The public policy relating to unemployment compensation is spelled out in 1965 Perm.Supp. C.R.S., Section 82-4-8(1), in this language:

"In the granting of benefit awards, it is the intent of the general assembly that the department, at all times, be guided by the tenet that unemployment insurance is for the benefit of persons unemployed through no fault of their own; and that each eligible individual who is unemployed through no fault of his own, shall be entitled to receive benefits; and that every person has the right to leave any job for any reason, but that the circumstances of his separation shall be considered in determining the amount of benefits he may draw; and that certain acts of individuals are the direct and proximate cause of their unemployment and such acts may result in such individuals receiving fifty per cent of full award, a special award, an optional award, or no award."

Applying this legislative declaration to the specific findings of fact by the referee, we conclude that there is no basis for reversing the No Award entered by the commission and affirmed by the trial court.

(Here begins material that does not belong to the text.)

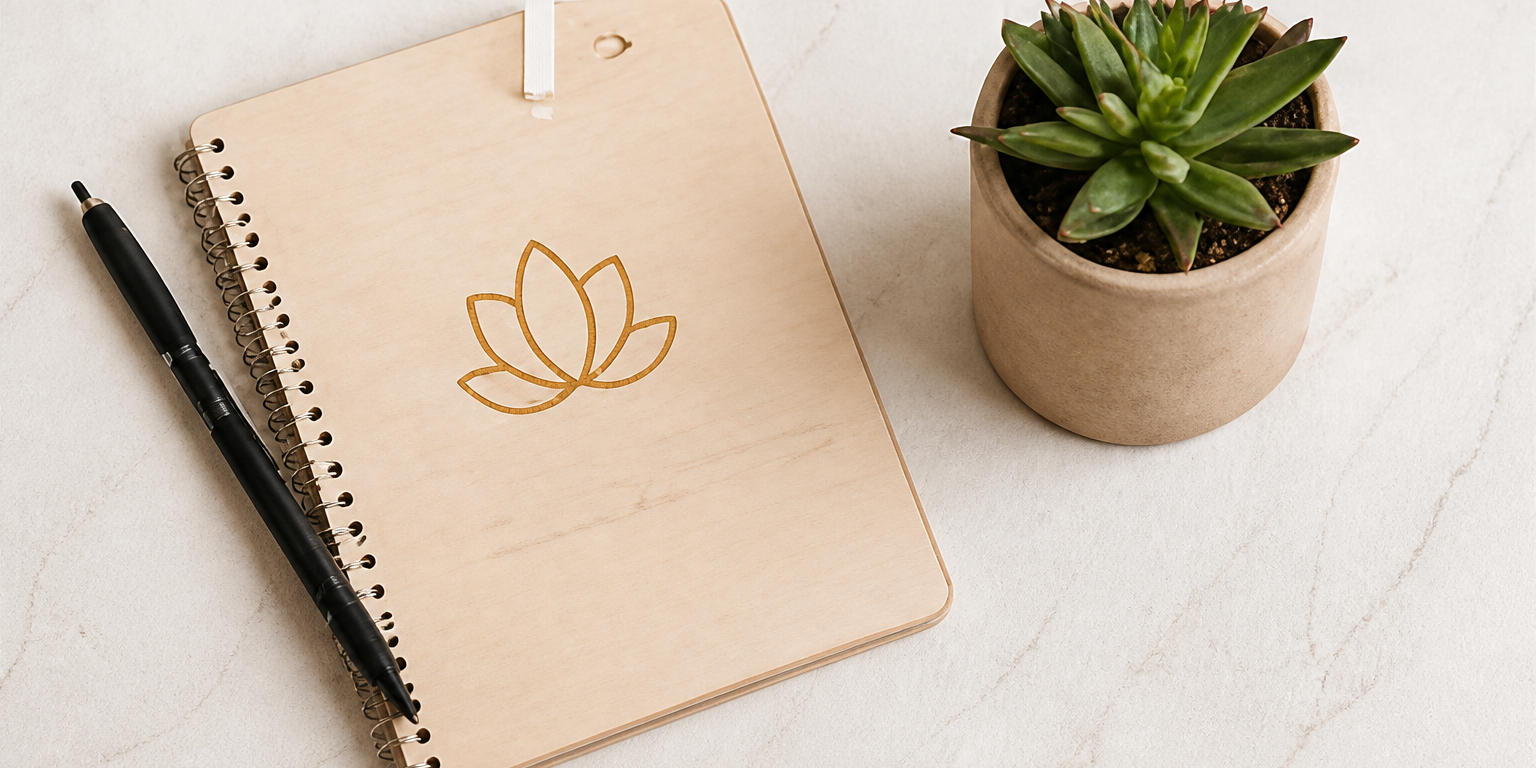 Planning notebook with the Coastal Polish & Beauty lotus mark, ready for your visit notes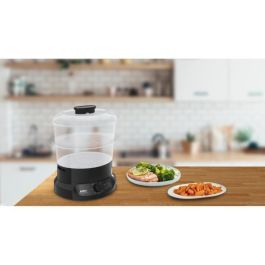 SEB VC139800 Minicompact Olla a vapor 6 L, 2 cuencos apilables, Recipiente para arroz + cereales, Temporizador 60 min, Parada automática, Compacto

Conceding that the Unemployment Compensation Act is to be liberally construed to further its remedial and beneficent purposes, Andersen v. Industrial Commission, Colo., 447 P.2d 221, it is not the function of "liberal" construction to twist the facts in order to reach a result favorable to an employee. It is most difficult to conceive of any construction which would result in the conclusion that the plaintiff had "informed his employer of the condition of his health * * * prior to quitting his employment," or that he had "notified *521 the employer at the earliest practicable time after such occurrence." 1965 Perm.Supp. C.R.S., Section 82-4-8(4)(c)(i) and (ii).

As indicated above, we hold that, based on the facts and the law, the judgment of the trial court should be and it is affirmed.

McWILLIAMS, C.J., and HODGES and GROVES, JJ., concur.